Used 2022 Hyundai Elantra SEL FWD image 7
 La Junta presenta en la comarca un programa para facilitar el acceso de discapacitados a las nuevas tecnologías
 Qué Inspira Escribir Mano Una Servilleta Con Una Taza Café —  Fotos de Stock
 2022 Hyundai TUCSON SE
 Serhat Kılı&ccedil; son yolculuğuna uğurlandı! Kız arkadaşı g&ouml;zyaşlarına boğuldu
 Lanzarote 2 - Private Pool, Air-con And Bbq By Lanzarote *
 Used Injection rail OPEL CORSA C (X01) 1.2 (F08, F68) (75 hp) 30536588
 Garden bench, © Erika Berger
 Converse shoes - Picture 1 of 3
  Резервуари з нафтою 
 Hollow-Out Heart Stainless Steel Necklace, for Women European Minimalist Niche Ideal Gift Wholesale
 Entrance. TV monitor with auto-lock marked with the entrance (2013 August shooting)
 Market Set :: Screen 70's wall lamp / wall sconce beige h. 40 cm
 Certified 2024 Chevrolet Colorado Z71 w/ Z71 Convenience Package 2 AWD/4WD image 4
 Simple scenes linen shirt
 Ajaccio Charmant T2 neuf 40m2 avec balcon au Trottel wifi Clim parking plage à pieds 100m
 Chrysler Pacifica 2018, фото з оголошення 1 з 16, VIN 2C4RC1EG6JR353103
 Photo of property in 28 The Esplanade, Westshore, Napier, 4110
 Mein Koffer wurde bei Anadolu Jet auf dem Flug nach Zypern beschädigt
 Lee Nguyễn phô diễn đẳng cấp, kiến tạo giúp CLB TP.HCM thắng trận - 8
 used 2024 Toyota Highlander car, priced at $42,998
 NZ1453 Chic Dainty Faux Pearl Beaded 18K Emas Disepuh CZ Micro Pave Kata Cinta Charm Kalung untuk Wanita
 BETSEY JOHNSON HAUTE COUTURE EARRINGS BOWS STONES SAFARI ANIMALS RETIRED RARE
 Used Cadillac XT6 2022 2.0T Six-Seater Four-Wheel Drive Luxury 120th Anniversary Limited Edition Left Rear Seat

■ **THE PROBLEM**: Search the data for "Hyundai". Copy every matching line.

■ **ANSWER BELOW**:
Used 2022 Hyundai Elantra SEL FWD image 7
 2022 Hyundai TUCSON SE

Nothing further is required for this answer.